There was something poignant in Buffett’s passing at the start of Labor Day weekend, when the days are growing shorter and the flip flops and Hawaiian shirts must be put away along with our fantasies of living on a beach, responsible for nothing beyond bringing dessert to the next get-together. Sweaters come out in the evening and time seems suddenly too valuable to waste away searching for misplaced meaning, too fleeting to reclaim the misspent days which, valued too late, are forever lost.

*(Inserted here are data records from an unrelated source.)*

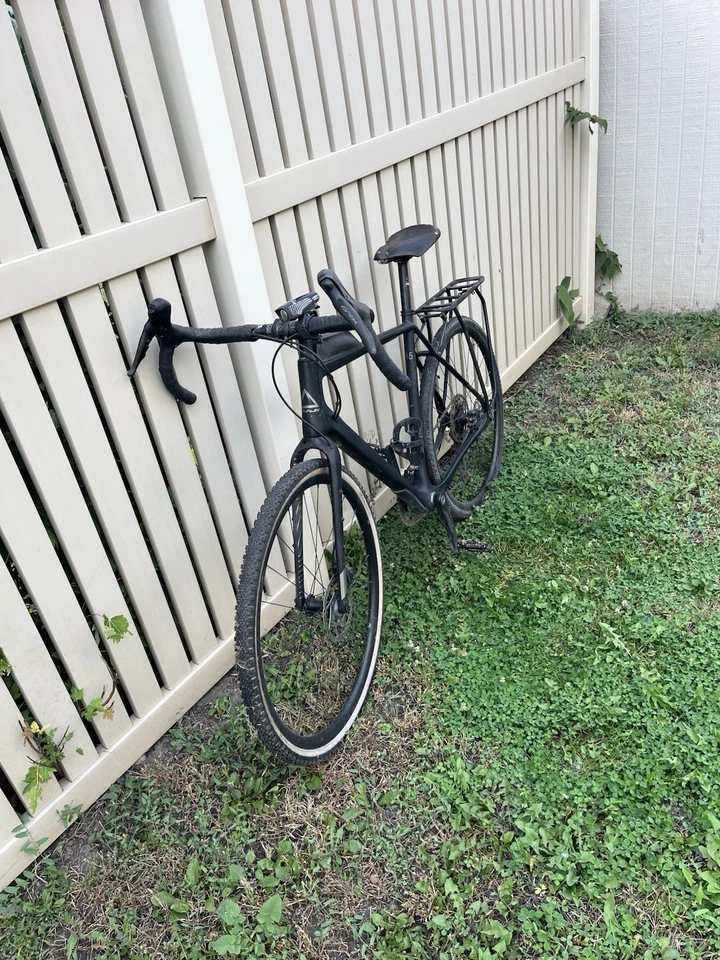 Fuji Jari Gravel Bike - Image 4 of 4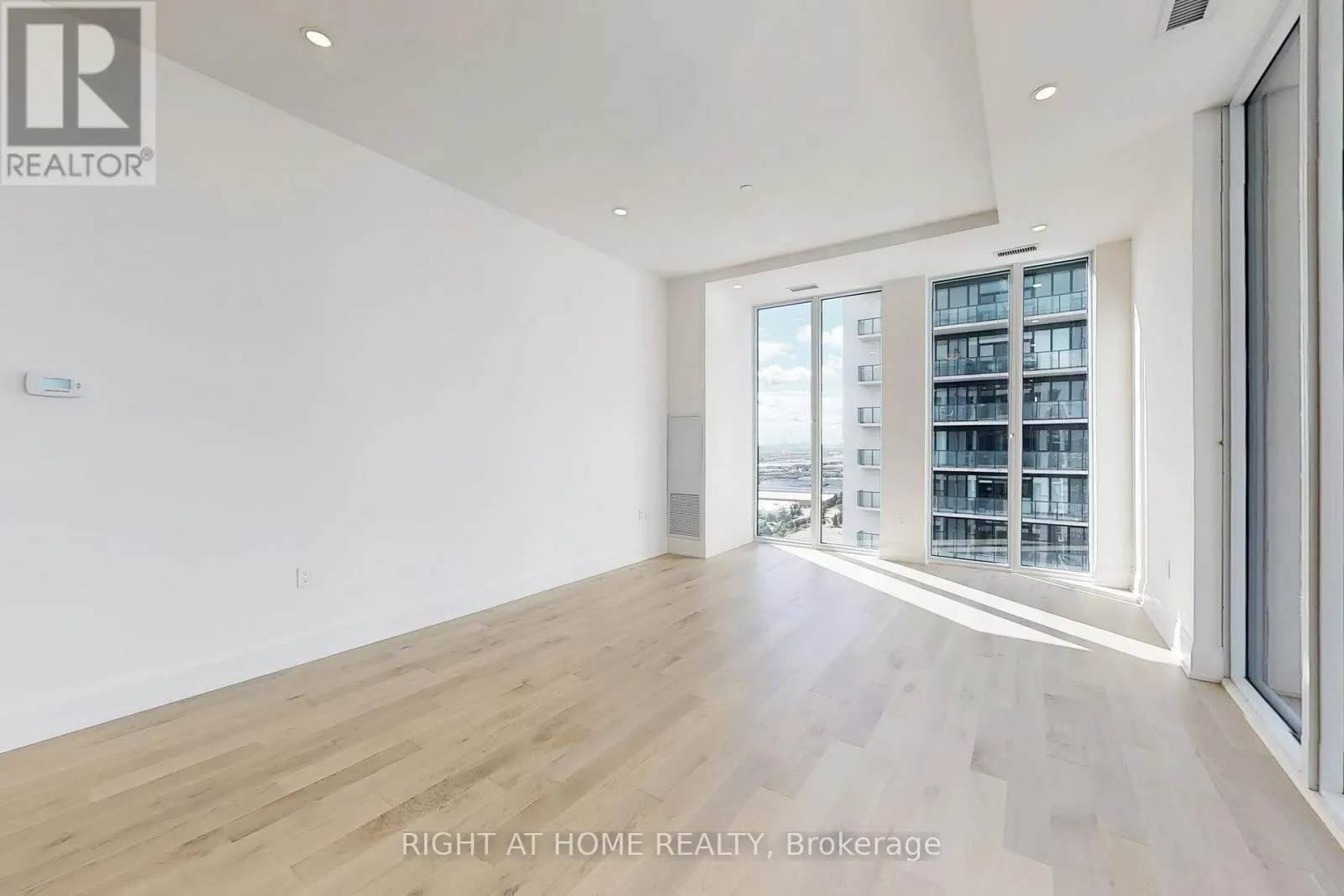 LPH106 - 8960 JANE STREET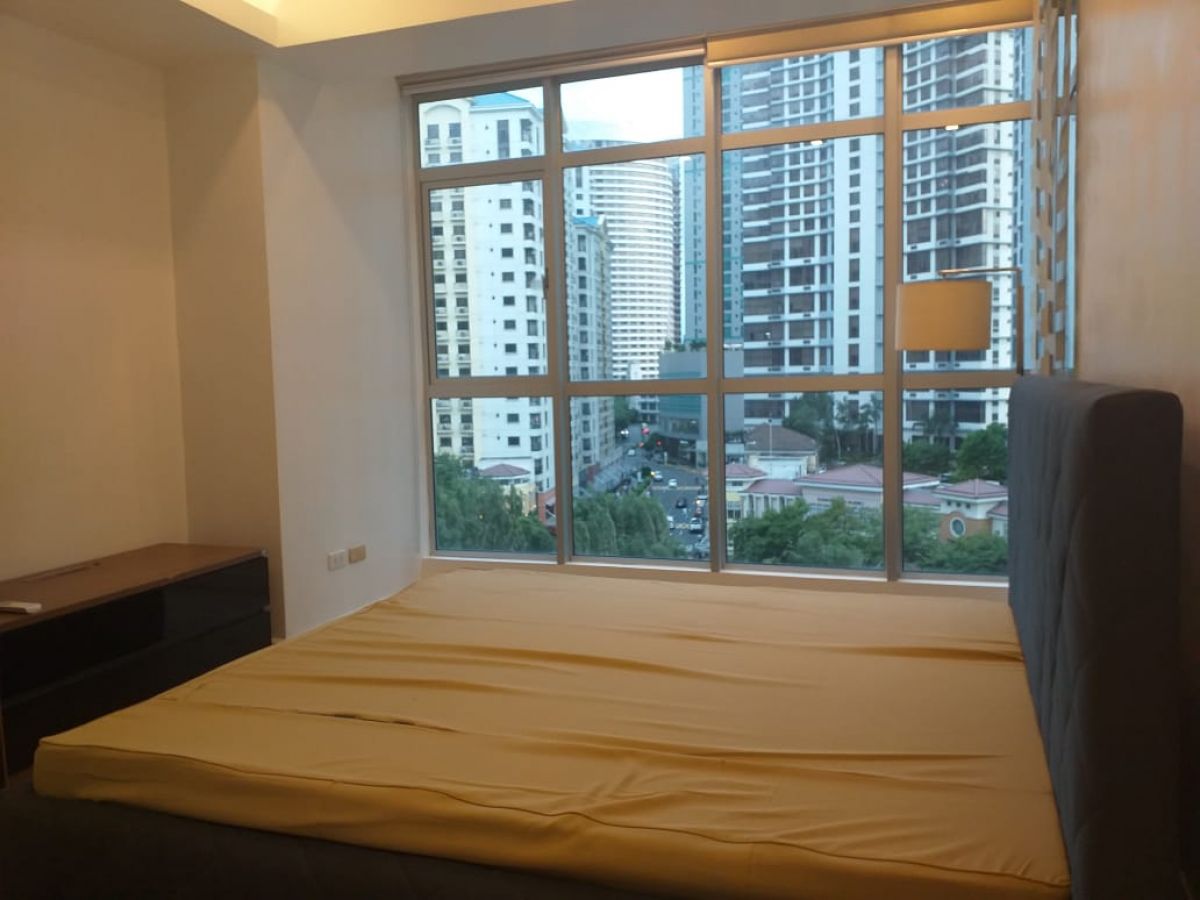 Fully Furnished Two Bedroom (2BR) Unit in Crescent Park Residences BGC02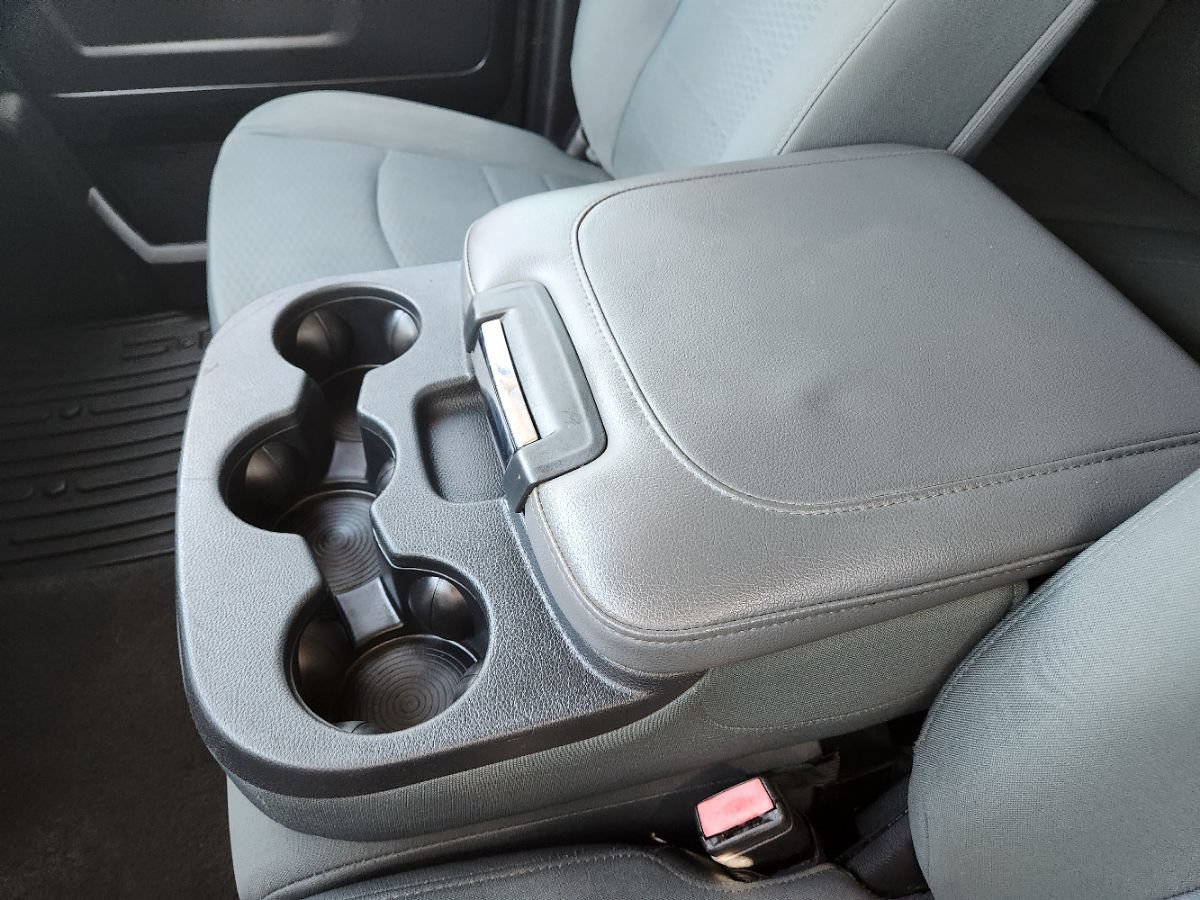 Used 2014 RAM 1500 Express RWD image 30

Some dismiss the laid-back island-escapism of Jimmy Buffett as being something hedonistic or uncaring. The world is heavy with material and spiritual misery on every continent — we see it daily in the headlines — and from that perspective he might seem to have been just another fizzy artist, part beach bum, part vagabond, rolling easily between a beer keg and a few cocktails capped with frivolous little umbrellas while singing of hazy nights and strange tattoos (how it got there, he hadn’t a clue!).
Buffett’s biggest hit, “Margaritaville,” celebrates a life lived in meandering dissipation; its plaintive chorus sounds only mildly regretful as the narrator wonders who is to blame for his under-achieving days until, in the final refrain he comes clean:
“Some people claim that there’s a woman to blame
But I know it’s my own damn fault.”
If you didn’t know that Buffett was raised Catholic, the last line is a dead giveaway.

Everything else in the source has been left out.